Essential New Music: Miranda Lambert’s “The Weight Of These Wings”

From rebellious 2005 breakout hit “Kerosene” to the deliciously cocky title track of 2014’s Platinum, Miranda Lambert has long presented herself as a spitfire: brash, outspoken, unapologetic and usually packing the blistering guitars to match. The picture painted by her hefty, sweeping sixth album, however, is something else entirely. This is, by and large, an introspective affair—lyrically if not always musically—that finds the songwriter taking a hard look at her life (including those well-documented wild-living impulses), emerging seemingly wiser but a good deal less self-assured.
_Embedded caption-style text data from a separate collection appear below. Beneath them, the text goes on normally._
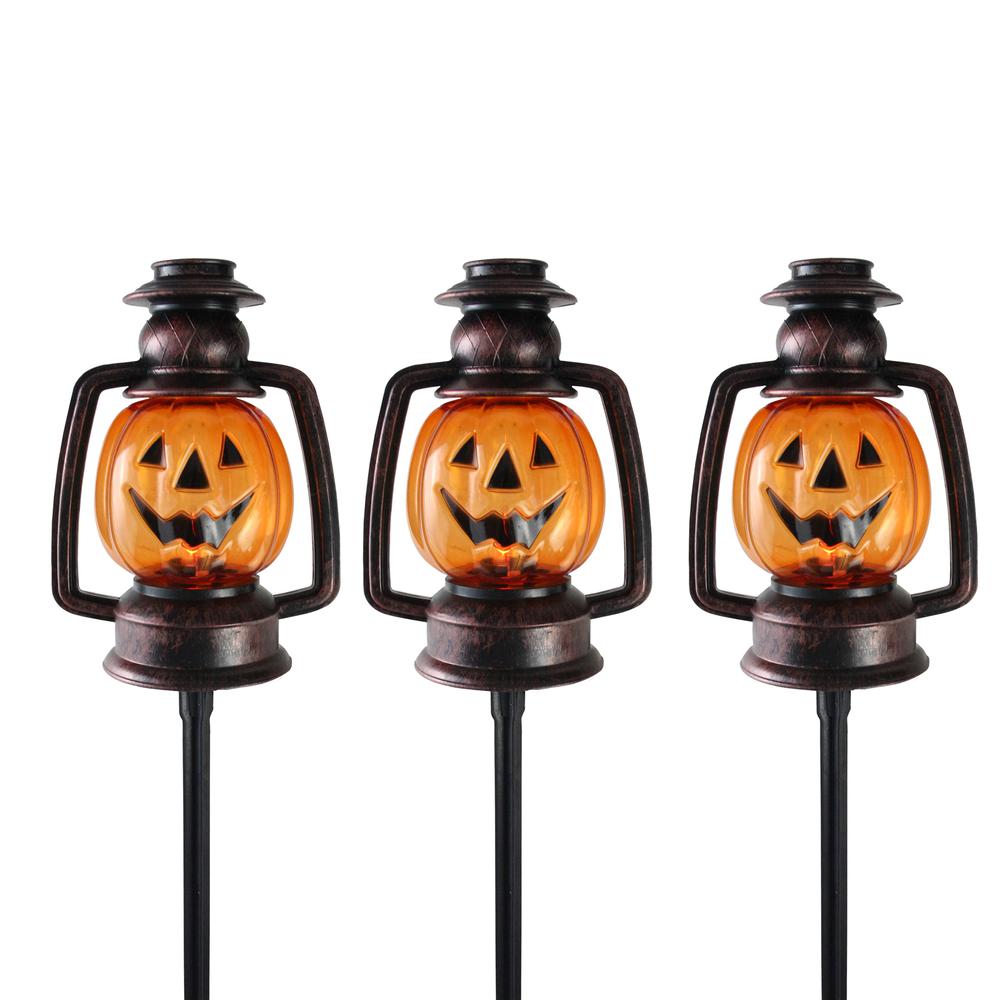 Set of 3 Orange Flickering Halloween Jack O' Lantern Pathway Markers 16.75". Picture 1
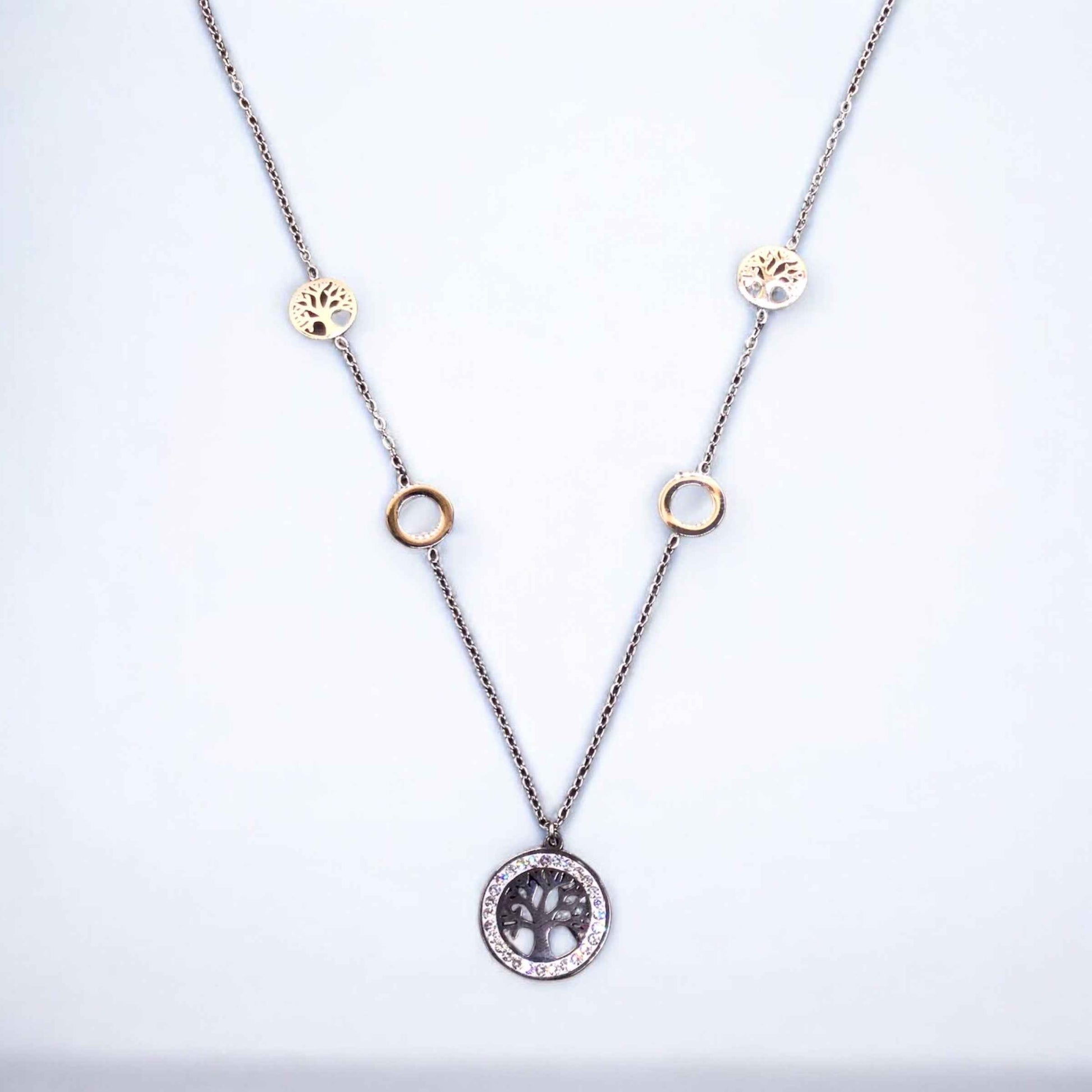 Tree of Life Stainless Steel Necklace Pendants With Long Chain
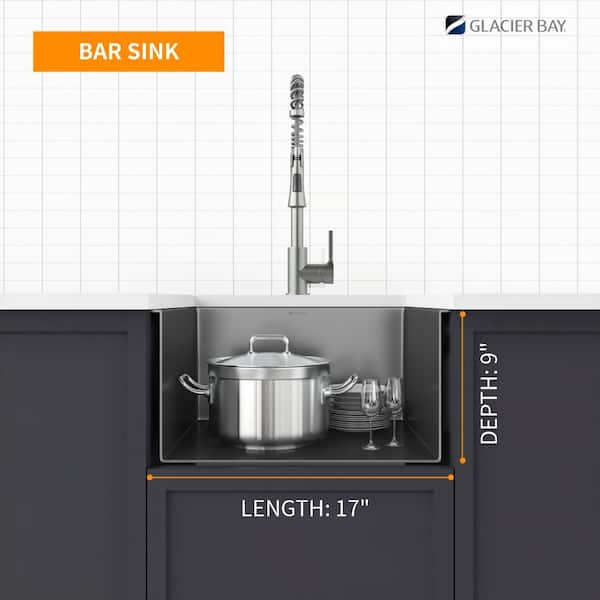 Gunmetal Gunmetal Black Stainless Steel 17 in. 18-Gauge Single Bowl Undermount Bar Sink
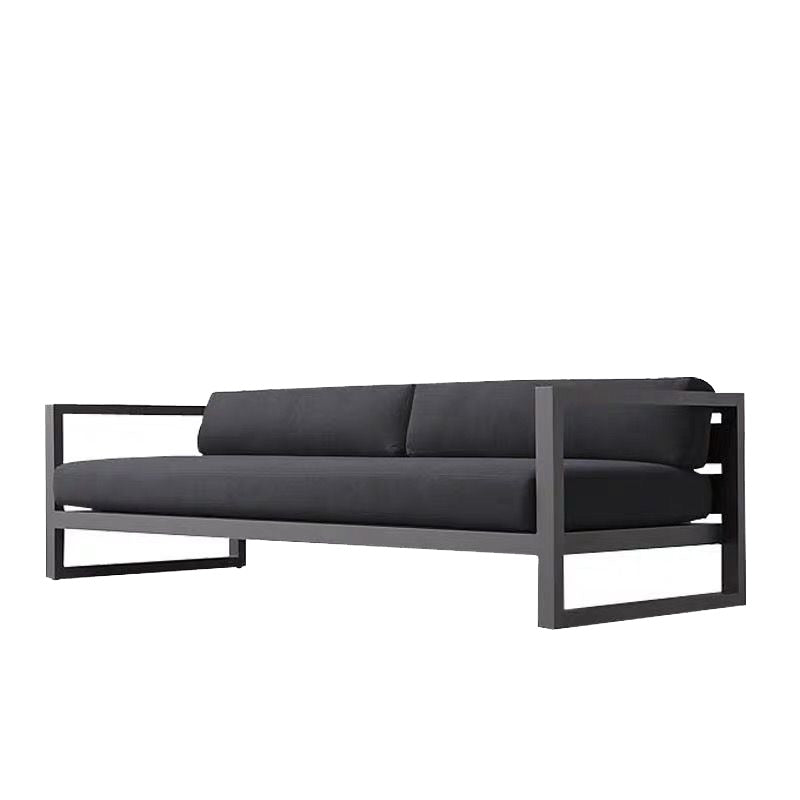 Black Metal Patio Sofa Industrial Style Minimalist Villa Outdoor Patio Sofa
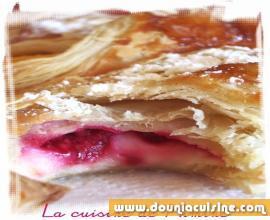 Triangles feuilletés framboises-citron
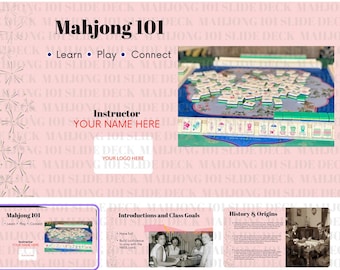 Presentación de Mahjong 101: plantilla de Canva editable para instructores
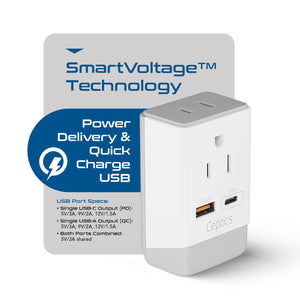 UK, England Travel Adapter | Type G - USB-A & USB-C Ports + 2 USA Outlet (AP-7) - TRAPSKI
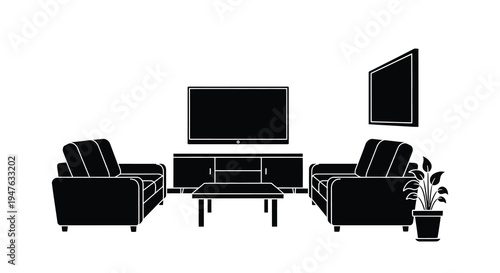 Minimalist living room with furniture and a mounted television silhouette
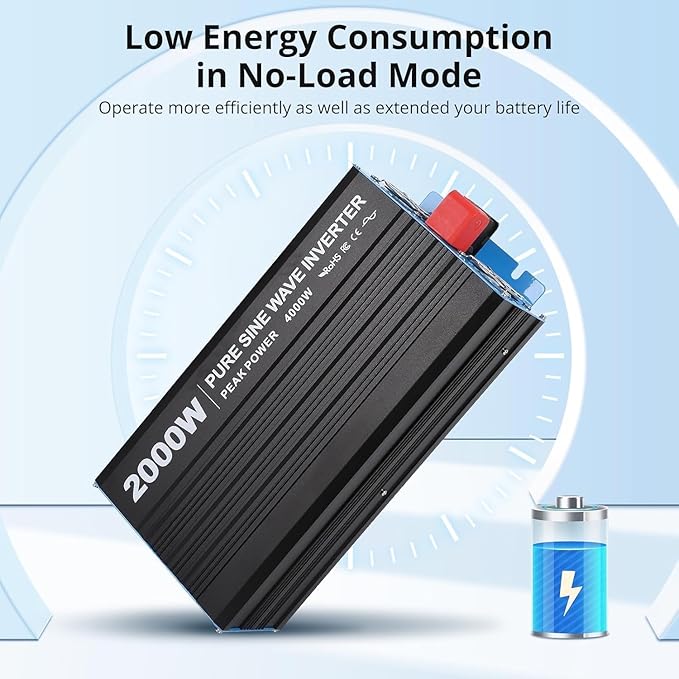 2000W Pure Sine Wave Inverter, 1 USB Port 5v/2.1a, LCD Display&Remote Controller - Image 3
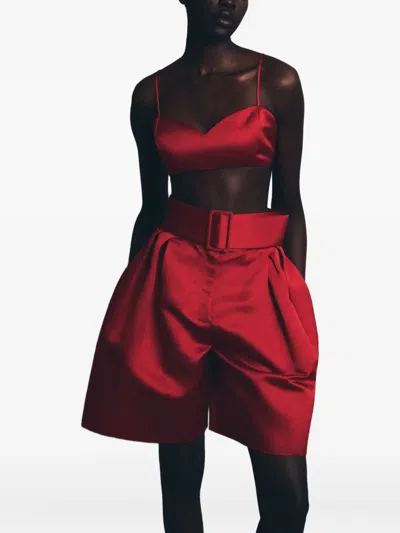 Rosie Assoulin Duchess Satin Crop Top In Red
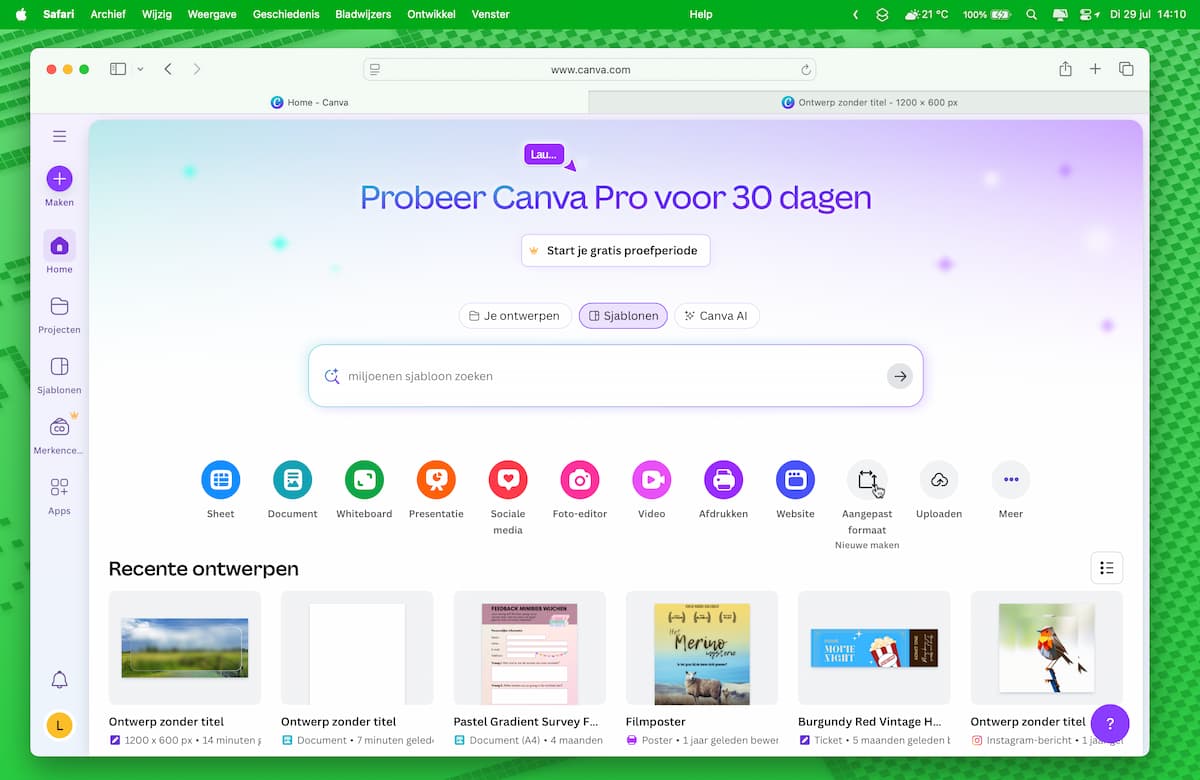 Instructiefoto: Maak een leeg canvas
Or at least, about half of it is. As with most double albums, there’s a tendency to want to cherry-pick and whittle down the tracklist to a more potent and digestible form. But it’s especially tempting in this case, given that roughly 50 percent of these two dozen songs come across as deeply felt, personal, nuanced and truthful without being overly confessional, whereas most of the remainder—including, notably, the four songs not written or co-written by Lambert—tend toward formula and cliché (the cutesy-dopey “For The Birds,” blandly anthemic “Keeper Of The Flame”), stock situations and stereotypes (grossly regressive empowerment-attempt “Tomboy”) and/or hokey, pandering country-fantasy tropes (are-you-serious throwback fluff “Covered Wagon.”)

It’s not that there’s anything wrong with these songs, per se (well, “Pink Sunglasses” is pretty insufferable)—they just seem like they belong to an entirely different album from the poignant and tremulous “Use My Heart,” deftly sketched, bleary-eyed self-appraisal “Vice,” the witty, winking self-portrait-by-proxy “We Should Be Friends” or even the deceptively jaunty “Ugly Lights” (an AA testimonial in all but name). If the first decade of Lambert’s career was an exuberantly reckless, hell-raising party, Weight is the inexorable comedown: a graceful and timely maturation that might just take a little editing to come through clearly.